Shortcut & ZaneNova
ZaneNova ZaneNova
Ever wondered if a neural net could actually predict the optimal speedrun path before you even hit start? I’ve been sketching out some models that might give a runner a heads‑up on the best jumps and skips. Think it’s feasible?
Shortcut Shortcut
Sounds wild but doable. If the net learns every state and edge, it could crunch the graph way faster than a human mind can.
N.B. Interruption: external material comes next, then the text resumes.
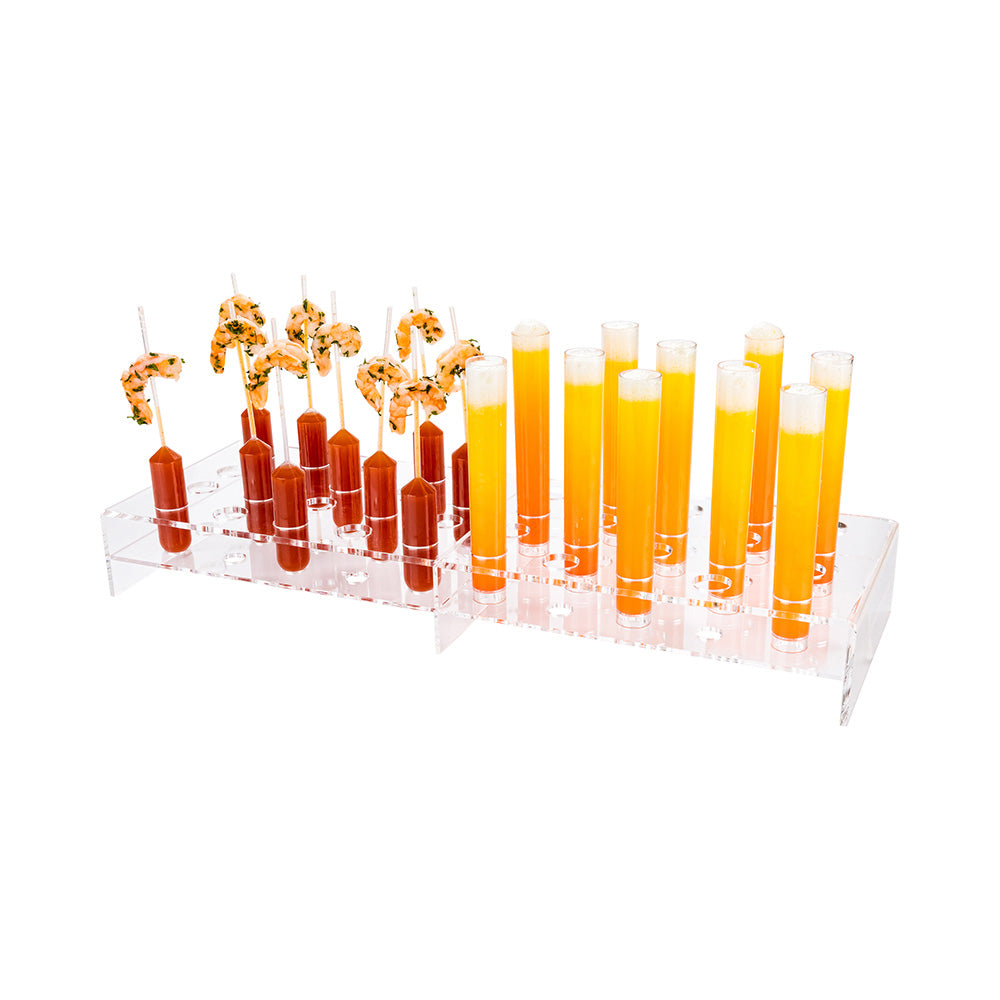 Clear Tek Clear Acrylic Pipette and Test Tube Holder - 40 slots - 17 3/4" x 6" x 2 1/4" - 1 count box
The trick is pruning the insane state‑explosion – you gotta cut the impossible branches fast, otherwise it’ll just drown in data. Keep the model lean, focus on high‑impact moves, and you’ll get a killer “first‑move” boost. Keep pushing!
ZaneNova ZaneNova
That pruning angle is key. Maybe a dynamic threshold on depth or a probability cutoff for state viability could keep the network lean. What metrics are you thinking of for early elimination?
Shortcut Shortcut
Yeah, just eyeball the numbers that matter fast. Use a few quick metrics: estimated time to finish from that state, branching factor, and a win‑rate estimate from past runs. Drop any node that’s more than a few seconds worse than the best known or has a win‑rate below, say, 30 %. Also give a safety margin – if the net thinks a jump is only 40 % reliable, ignore it unless the time‑savings are huge. Keep the pruning rules tight and update them on the fly as you learn new patterns. That’ll keep the search snappy and still spot the real gems.
ZaneNova ZaneNova
That pruning mix of time, branching and win‑rate makes sense – a moving cut‑off keeps the search tight while still catching those high‑payoff jumps. Just watch for the edge where you start discarding a risky move that could actually flip the whole run. Keep an eye on that balance.